# MOLD? Or bloom? HELP!



## mvorbrodt (Jan 13, 2010)

Looks like Tripp is not the only one with mold issues: http://www.cigarforums.net/forums/vb/habanos-discussion/270636-mold-help.html

I just got this certainly 12 cigar sampler from a place you all know I'm sure (with the nicest customer support in the world; thanks Lisa!). ONE cigar looks very moldy. I'm quite sure it's mold, but wanted to ask and verify.

Should I keep this one cigar away from the others? All of them away? For how long? Many guys in the other thread I linked to say to wipe them off and they're good. Few say to keep them away from other sticks.

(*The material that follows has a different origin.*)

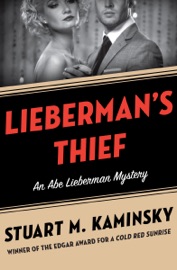 Lieberman's Thief - Stuart M. Kaminsky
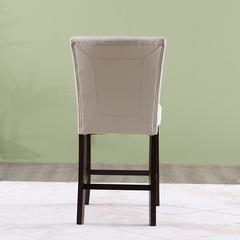 Brody 4-Seater MDF & Marble Dining Set Danube Home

I wiped it off gently and it's all gone now. But what next?

BTW that cigar stinks like horse poop 

All 12 are rather wet/moist but only one has the issue.

What do I do?

Thanks Puffers!


----------



## reflex (Mar 1, 2006)

All good Cubans should have a "barnyard" smell :smoke:. I would put the one that had mold in a single bag and leave the end open or cut it off and then put it with the rest of the cigars. Usually mold spreads by contact or being very wet, so you should be good by just keeping an eye on them. :2


----------



## asmartbull (Aug 16, 2009)

As long as the foot is ok
just wipe them off with a soft cloth...good to go


----------



## Scott W. (Jul 10, 2008)

mold 100%


----------



## mvorbrodt (Jan 13, 2010)

Actually, I take it back. It smells more like very fermented and rotting grass, or, seriously, Marijuana !!! Cha-ching! I got the Fidel's Saturday Night edition. LOL

OK, but after I wipe it off, is it safe to keep it in the humi with other gems? BTW, my CC humis are now around 65% and 70-73*F depending.

M.


----------



## Scott W. (Jul 10, 2008)

Keep it apart just in case. better yet, smoke it


----------



## Mante (Dec 25, 2009)

Without a doubt mold, just wipe it off as everyone has said. Quarantine it from the others for a few weeks. If it doesnt show any mold after 2 weeks you should be right to put it in general population. Or just smoke it, as I see Scott beat me to that as well. LOL.


----------



## rajuabju (Sep 14, 2008)

Thats mold.

And assuming you purchased from a reputable place, you should get it replaced at no cost to you.

I have to strongly disagree with others who say that its "ok" to smoke cigars that have mold, beetle, cracking, or other issues.

Too many people just "accept" what they are given, even if its a damaged or inferior product. You paid for something of quality, you should demand you get that level of quality.

I'm not encouraging people to be overly picky or difficult or unreasonable. As I've said before many times, in my line of business, I have to deal with WACKED out customers who are totally out of line all the time.

But this is almost like someone buying a new TV and then noticing there's a small chip in the screen. Sure it might barely be noticeable... but why are you settling for an imperfect product (unless of course you bought it for an imperfect price discount).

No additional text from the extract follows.